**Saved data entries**
..........

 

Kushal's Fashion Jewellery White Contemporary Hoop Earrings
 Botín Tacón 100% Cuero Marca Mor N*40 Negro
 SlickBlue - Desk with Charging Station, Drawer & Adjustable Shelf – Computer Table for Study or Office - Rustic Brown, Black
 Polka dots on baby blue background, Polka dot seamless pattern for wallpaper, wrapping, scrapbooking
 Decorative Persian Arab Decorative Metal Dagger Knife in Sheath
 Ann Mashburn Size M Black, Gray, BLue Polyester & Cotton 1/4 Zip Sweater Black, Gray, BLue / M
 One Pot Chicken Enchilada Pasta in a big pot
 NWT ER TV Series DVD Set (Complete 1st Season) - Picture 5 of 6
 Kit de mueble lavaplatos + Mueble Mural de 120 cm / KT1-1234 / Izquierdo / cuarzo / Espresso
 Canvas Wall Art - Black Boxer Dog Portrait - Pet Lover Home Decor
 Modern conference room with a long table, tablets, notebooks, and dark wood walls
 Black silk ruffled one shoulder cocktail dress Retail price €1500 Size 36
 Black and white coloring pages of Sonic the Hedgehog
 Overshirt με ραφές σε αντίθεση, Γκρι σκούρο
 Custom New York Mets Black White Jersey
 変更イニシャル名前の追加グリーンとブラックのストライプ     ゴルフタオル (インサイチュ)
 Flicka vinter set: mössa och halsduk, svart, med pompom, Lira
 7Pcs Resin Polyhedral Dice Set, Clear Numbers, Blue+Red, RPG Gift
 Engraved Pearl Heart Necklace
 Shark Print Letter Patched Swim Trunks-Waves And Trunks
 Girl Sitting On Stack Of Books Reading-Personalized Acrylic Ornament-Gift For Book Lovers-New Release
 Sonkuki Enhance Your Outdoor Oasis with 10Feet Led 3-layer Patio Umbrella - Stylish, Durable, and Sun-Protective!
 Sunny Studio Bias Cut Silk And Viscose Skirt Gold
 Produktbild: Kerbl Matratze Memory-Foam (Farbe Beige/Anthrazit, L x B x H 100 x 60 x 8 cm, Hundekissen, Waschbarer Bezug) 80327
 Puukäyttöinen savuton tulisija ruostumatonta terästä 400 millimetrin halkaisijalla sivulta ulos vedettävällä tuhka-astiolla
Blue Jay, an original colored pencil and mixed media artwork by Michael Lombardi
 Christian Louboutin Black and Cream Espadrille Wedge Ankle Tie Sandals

..........

**Goal of the exercise**
Reproduce only the lines above, starting at the line with "Overshirt με ραφές σε αντίθεση, Γκρι σκούρο" and ending at the line with "Sonkuki Enhance Your", exactly as written.

**Task solution**
 Overshirt με ραφές σε αντίθεση, Γκρι σκούρο
 Custom New York Mets Black White Jersey
 変更イニシャル名前の追加グリーンとブラックのストライプ     ゴルフタオル (インサイチュ)
 Flicka vinter set: mössa och halsduk, svart, med pompom, Lira
 7Pcs Resin Polyhedral Dice Set, Clear Numbers, Blue+Red, RPG Gift
 Engraved Pearl Heart Necklace
 Shark Print Letter Patched Swim Trunks-Waves And Trunks
 Girl Sitting On Stack Of Books Reading-Personalized Acrylic Ornament-Gift For Book Lovers-New Release
 Sonkuki Enhance Your Outdoor Oasis with 10Feet Led 3-layer Patio Umbrella - Stylish, Durable, and Sun-Protective!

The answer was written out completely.